A note about metrics-labels
: In Prometheus
, every unique combination of key-value label pair represents a new time series, which can dramatically increase the amount of data stored. Hence labels should not be used to store dimensions with high cardinality with potentially a large or unbounded value range.
Additionally, these metrics are best-effort for the current operator run and will be reset on an operator restart. Also some of these metrics are generated by listening to pod state updates for the driver/executors and deleting the pods outside the operator might lead to incorrect metric values for some of these metrics.
The operator, by default, makes the Spark UI accessible by creating a service of type NodePort
which exposes the UI via the node running the driver.
The operator also supports creating an Ingress for the UI. This can be turned on by setting the ingress-url-format
command-line flag. The ingress-url-format
should be a template like {{$appName}}.ingress.cluster.com
and the operator will replace the {{$appName}}
with the appropriate appName.
The operator also sets both WebUIAddress
which uses the Node's public IP as well as WebUIIngressAddress
as part of the DriverInfo
field of the SparkApplication
.
The Kubernetes Operator for Apache Spark comes with an optional mutating admission webhook for customizing Spark driver and executor pods based on the specification in SparkApplication
objects, e.g., mounting user-specified ConfigMaps and volumes, and setting pod affinity/anti-affinity, and adding tolerations.
The webhook requires a X509 certificate for TLS for pod admission requests and responses between the Kubernetes API server and the webhook server running inside the operator. For that, the certificate and key files must be accessible by the webhook server.
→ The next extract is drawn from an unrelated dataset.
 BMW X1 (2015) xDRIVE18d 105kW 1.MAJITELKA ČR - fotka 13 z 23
The Kubernetes Operator for Spark ships with a tool at hack/gencerts.sh
for generating the CA and server certificate and putting the certificate and key files into a secret named spark-webhook-certs
in the namespace spark-operator
. This secret will be mounted into the operator pod.
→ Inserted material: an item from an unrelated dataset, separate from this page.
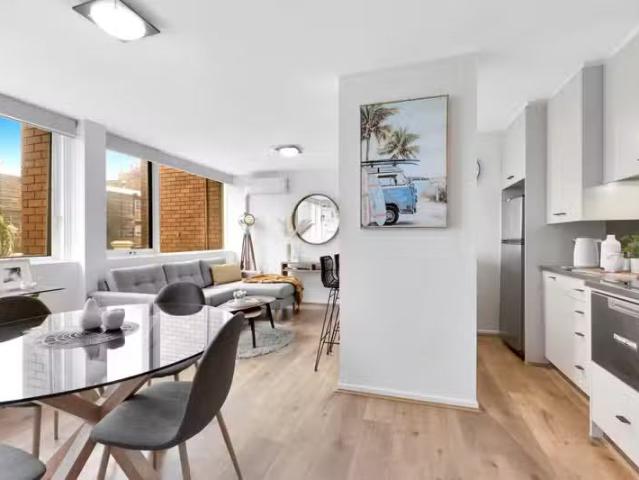 Charming 8/72 Patterson Street, Middle Park VIC 3206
Run the following command to create the secret with a certificate and key files using a batch Job, and install the operator Deployment with the mutating admission webhook:
$ kubectl apply -f manifest/spark-operator-with-webhook.yaml
This will create a Deployment named sparkoperator
and a Service named spark-webhook
for the webhook in namespace spark-operator
.
If the operator is installed via the Helm chart using the default settings (i.e. with webhook enabled), the above steps are all automated for you.